**INFORMATION SUPPLIED**
◆ ◆ ◆
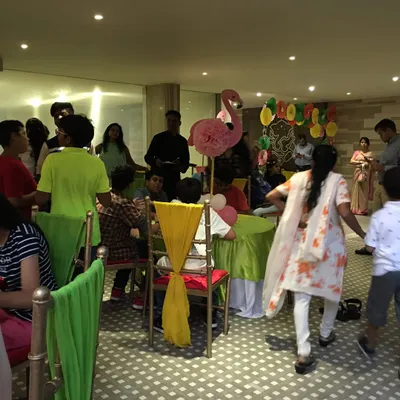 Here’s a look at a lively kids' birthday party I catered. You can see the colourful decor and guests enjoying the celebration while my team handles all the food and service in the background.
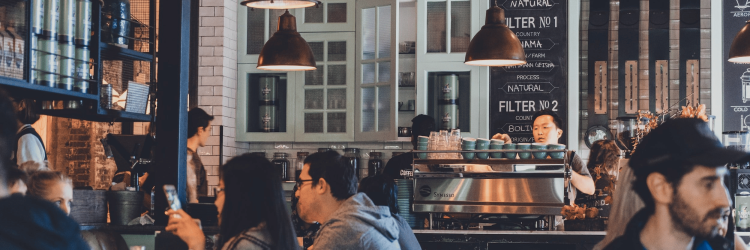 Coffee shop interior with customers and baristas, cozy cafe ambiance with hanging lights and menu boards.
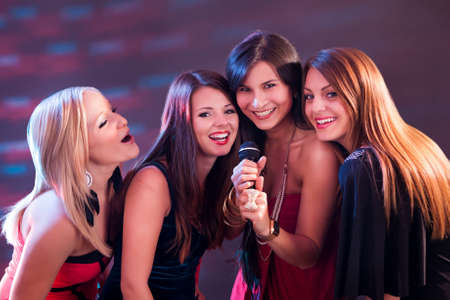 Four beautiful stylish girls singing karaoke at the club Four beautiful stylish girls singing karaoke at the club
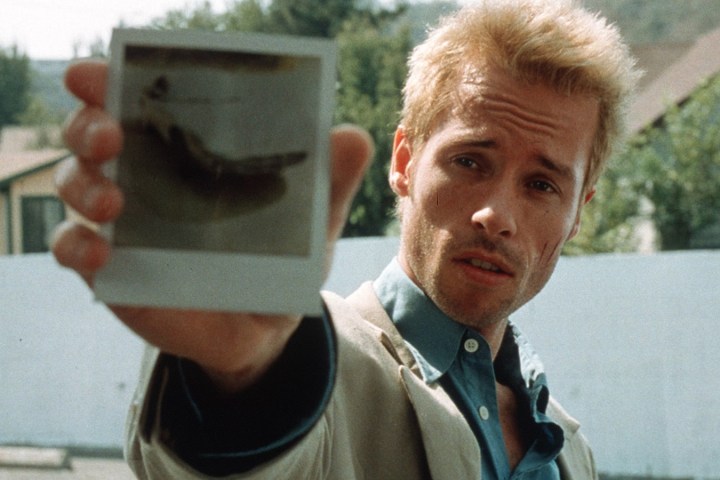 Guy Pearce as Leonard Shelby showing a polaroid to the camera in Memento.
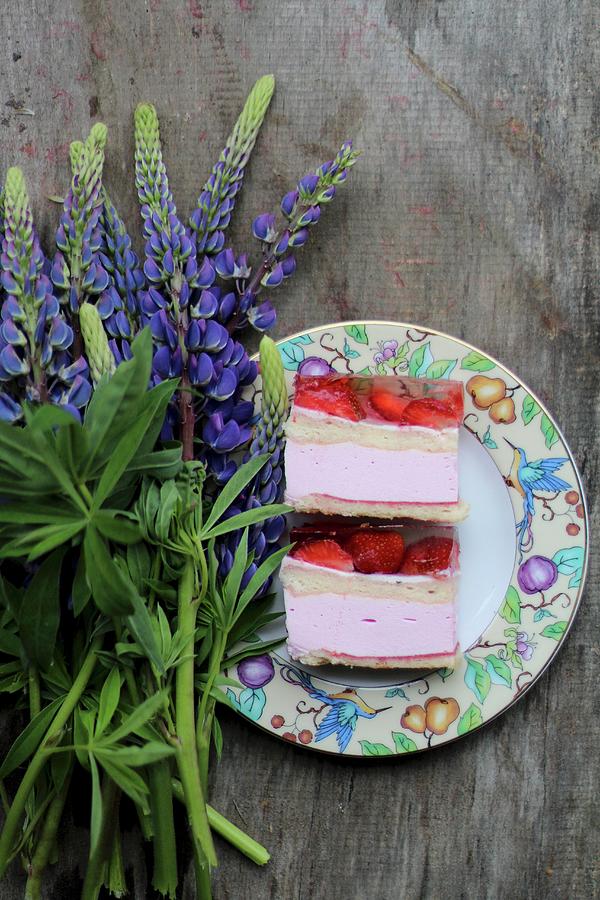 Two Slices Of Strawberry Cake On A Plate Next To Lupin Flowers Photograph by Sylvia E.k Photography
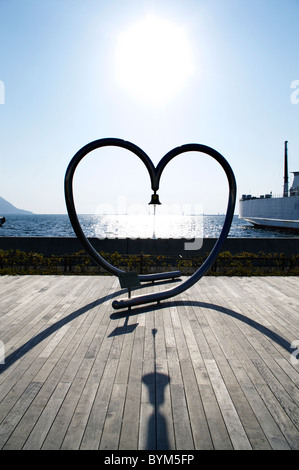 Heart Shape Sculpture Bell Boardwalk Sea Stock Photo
◆ ◆ ◆
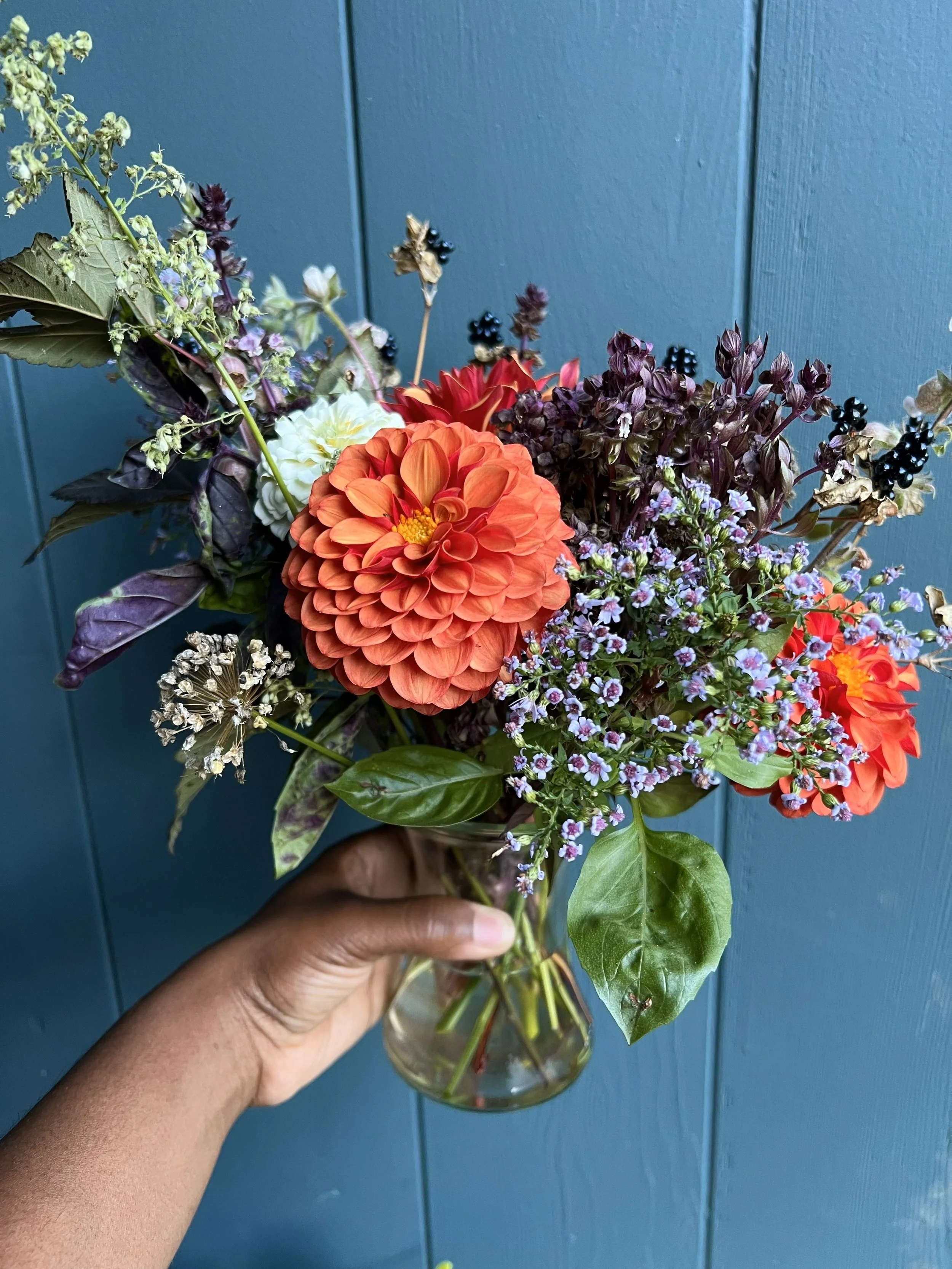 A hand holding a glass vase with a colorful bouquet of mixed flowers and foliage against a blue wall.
◆ ◆ ◆
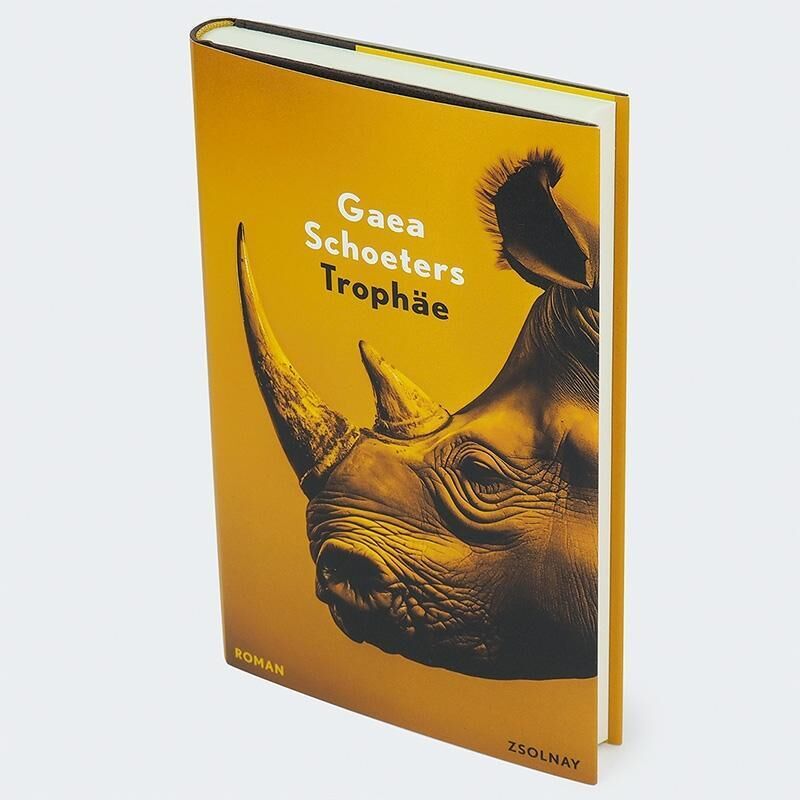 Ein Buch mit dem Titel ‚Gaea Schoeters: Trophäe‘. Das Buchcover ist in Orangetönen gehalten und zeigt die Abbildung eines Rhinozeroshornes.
◆ ◆ ◆
Write out exactly the run of lines above that starts at the line containing "Guy Pearce as" and ends at the line containing "Heart Shape Sculpture". Include both, and leave the pictures out.

 Guy Pearce as Leonard Shelby showing a polaroid to the camera in Memento.
 Two Slices Of Strawberry Cake On A Plate Next To Lupin Flowers Photograph by Sylvia E.k Photography
 Heart Shape Sculpture Bell Boardwalk Sea Stock Photo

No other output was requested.